2015-10-29 Thread Miroslav Lachman

Jeremy Chadwick wrote on 10/27/2015 06:05:

(I am not subscribed to the mailing list, please keep me CC'd)

Issue: a stable/10 system that has an abnormally high load average (e.g.
0.15, but may be higher depending on other variables which I can't
account for) when the machine is definitely idle (i.e. cannot be traced
to high interrupt usage per vmstat -i, cannot be traced to a userland
process or kernel thread, etc.).

This problem has been discussed many times on the FreeBSD mailing lists
and the FreeBSD forum (including some folks seeing it on 9.x, but my
complaint here is focused on 10.x so please focus there).

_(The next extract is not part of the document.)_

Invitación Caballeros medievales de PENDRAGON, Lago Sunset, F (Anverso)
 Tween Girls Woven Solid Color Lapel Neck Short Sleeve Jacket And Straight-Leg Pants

I'd politely like to request that anyone experiencing this, or who has
experienced it (and if you know when it stopped or why, including what
you may have done, include that), to chime in on this ticket from 2012
(made for 9.x but style of issue still applies; c#5 is quite valid):

https://bugs.freebsd.org/bugzilla/show_bug.cgi?id=173541

For those still experiencing it, I'd suggest reading c#8 and seeing if
sysctl kern.eventtimer.periodic=1 relieves the problem for you.  (At
this time I would not suggest leaving that set indefinitely, as it does
seem to increase the interrupt rate in cpuX:timer in vmstat -i.  But for
me kern.eventtimer.periodic=1 "fixes" the issue)


Is it on real HW server or in some kind of virtualization? I am seeing 
load 0.5 - 1.2 on three virtual machines in VMware. The machines are 
without any traffic. Just fresh instalation of FreeBSD 10.1 and some 
services without any public content.